Avec la crise économique et l'accession au pouvoir des nazis, le vent tourne cependant très vite pour Rosner. "Etre juif et jouer une musique de nègre à Berlin en 1933, c'était vraiment une mauvaise situation. Même quand vous vous appelez Adolf", conclura-t-il après coup. (1) Pour dissimuler ce prénom encombrant, il opte dès lors pour des pseudos à consonance américaine comme Ary, Eddy ou Jack. Aux yeux de Josef Goebbels, le ministre de la propagande du IIIème Reich, le jazz tient de l'art dégénéré.

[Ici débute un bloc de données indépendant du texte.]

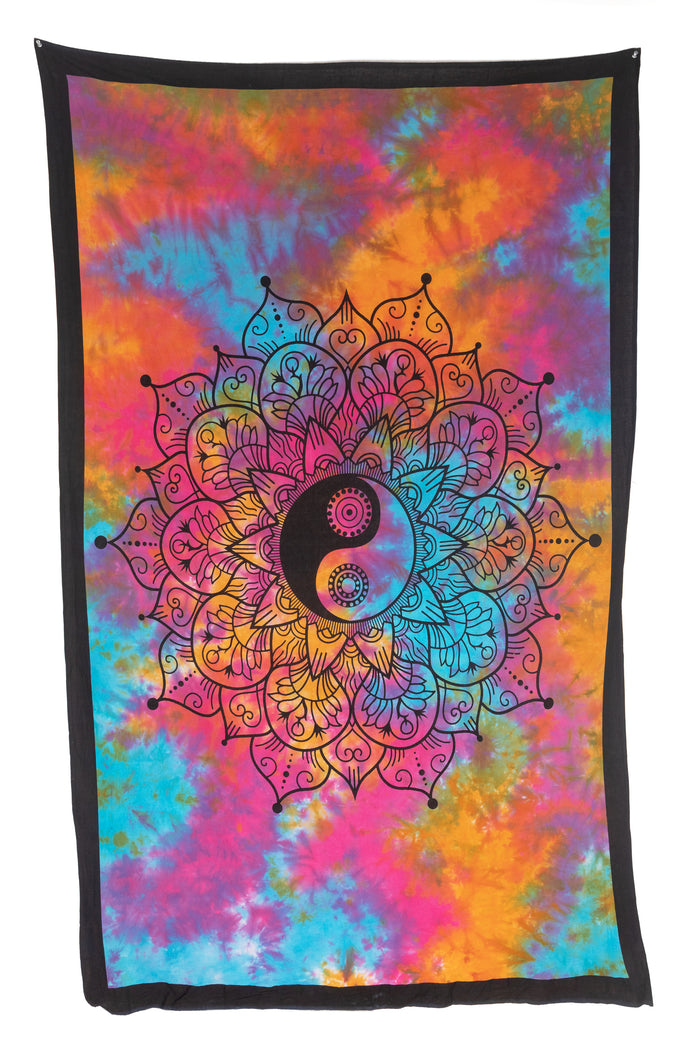 Yin yang lotus tie dye tapestry in multi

Il s'agit d'une musique judéo-nègre, cosmopolite, impure, corruptrice de l'âme allemande. Les marxistes ou les membres de l'école de Francfort méprisent également le jazz, l'assimilant à une musique capitaliste, standardisée, abrutissant le peuple. Selon Adorno, ce n'est que de la camelote, du kitsch. En dépit de ces condamnations, le jazz continue à jouir d'une extraordinaire popularité en Allemagne.

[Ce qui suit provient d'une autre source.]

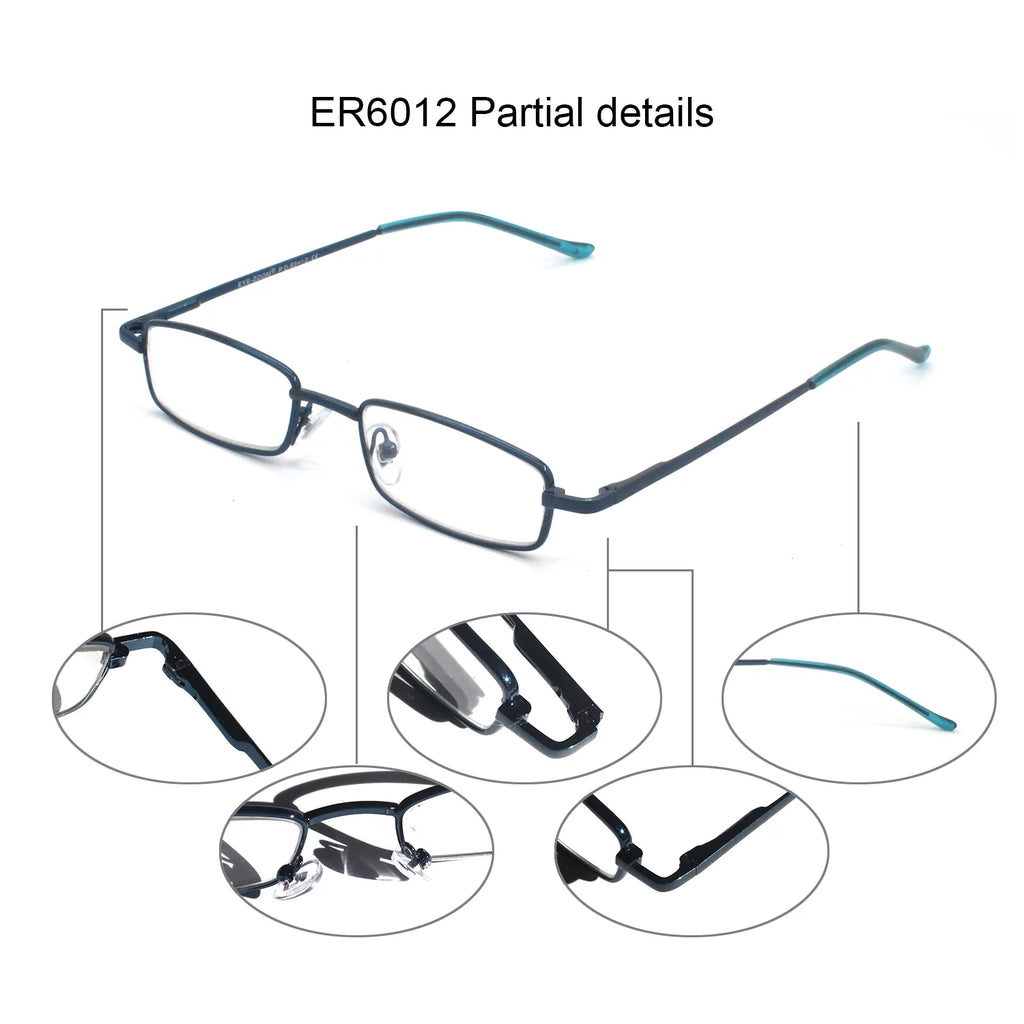 5 Pack Ultra Slim Compact Lightweight Reading Glasses with Clip Case W714152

En tant que Juif et jazzman, Rosner se trouve doublement exposé lorsque les SA commencent à semer la terreur dans les revues et brasseries de Berlin. Le musicien comprend la nécessité de prendre le large au plus vite. En 1936, il s'installe en Pologne, le pays de ses parents. Il crée un orchestre, le Jack'Band, et fonde un club à Lodz ("Chez Adi"). Au bout de quelques mois, Rosner s'installe finalement à Varsovie. Il y rencontre et épouse Ruth Kaminska, dont la grand-mère, Ester, était la fondatrice du théâtre yiddish de Varsovie, et la mère Ida, une célèbre actrice. La jeune femme intègre l'orchestre en tant que chanteuse.
Le havre de paix polonais se mue en souricière avec l'invasion du pays par l'Allemagne nazie, le 1er septembre 1939. La situation des Juifs, déjà durement éprouvés par la législation antisémite antérieure, devient intenable. En vertu de l'accord Molotov-Ribbentrop, la Pologne est dépecée.
* 1940-1946: le trompettiste de Staline.
En septembre 1939, Rosner et la famille de sa jeune épouse fuient vers l'Est et rejoignent Lvov, sous contrôle soviétique. Le musicien y fait la connaissance de Panteleimon Ponomarenko, tout à la fois premier secrétaire du Parti communiste de Biélorussie et fervent amateur de jazz. L'apparatchik fait venir le trompettiste à Minsk et lui confie la charge du premier orchestre de jazz biélorusse, composé majoritairement de Juifs polonais ayant fui l'avancée des troupes allemandes. La formation musicale, qui jouit aussitôt d'une grande popularité, se produit dans toute l'Union soviétique. Un train spécial assure les déplacements des musiciens. Un soir de septembre 1940, à Sotchi, l'orchestre donne même un concert privé pour Staline. Avec l'invasion allemande de juin 1941 et l'entrée en guerre, Eddie Rosner - son nouveau nom - et son orchestre sont enrôlés au service de la propagande militaire. Il s'agit de maintenir le moral des troupes. Tout au long de "la grande guerre patriotique", les jazzmen se produisent devant des auditoires très variés: les troupes de l'Armée rouge, des membres de la nomenklatura ou de simples bergers tadjiks... Protégé par les autorités soviétiques, Rosner jouit d'une popularité immense et bénéficie de traitements généreux. Il paraît au faîte de sa carrière. L'Armée rouge finit par terrasser la Wehrmacht. En juin 1945, son orchestre joue sur la Place rouge pour célébrer la victoire. Parmi l'immense auditoire se trouvent Staline et les membres du Comité central du parti communiste de l'Union soviétique.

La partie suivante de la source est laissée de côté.